## Exercise details
Only the lines below from the one containing "Understanding the Link" through the one containing "Cover for La passion du livre au moyen âge" belong in the answer, repeated exactly and without pictures.

## Data

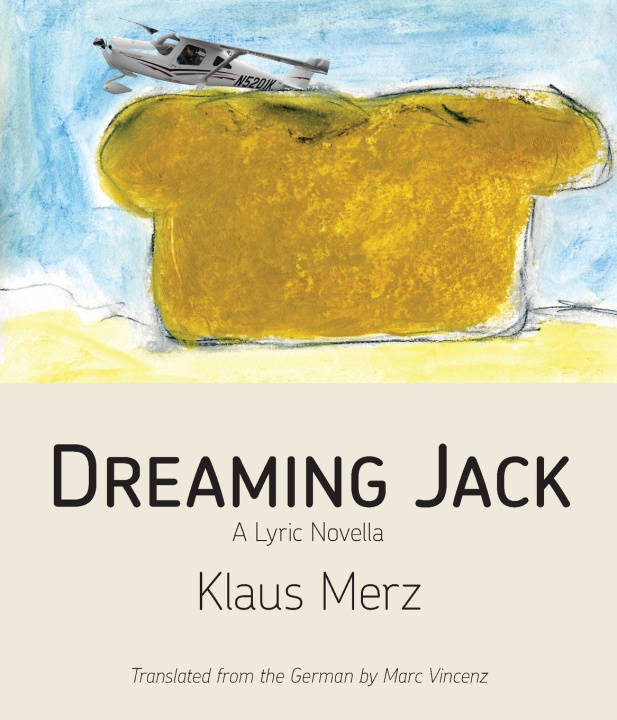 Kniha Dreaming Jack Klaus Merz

...

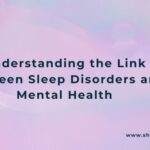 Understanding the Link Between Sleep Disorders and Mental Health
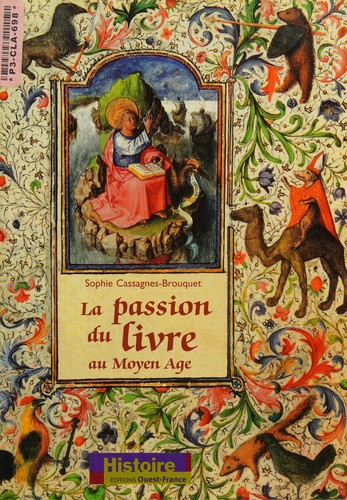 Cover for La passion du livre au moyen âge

...

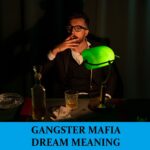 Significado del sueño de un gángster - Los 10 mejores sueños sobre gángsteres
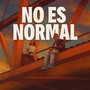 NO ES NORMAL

## Answer to this problem
 Understanding the Link Between Sleep Disorders and Mental Health
 Cover for La passion du livre au moyen âge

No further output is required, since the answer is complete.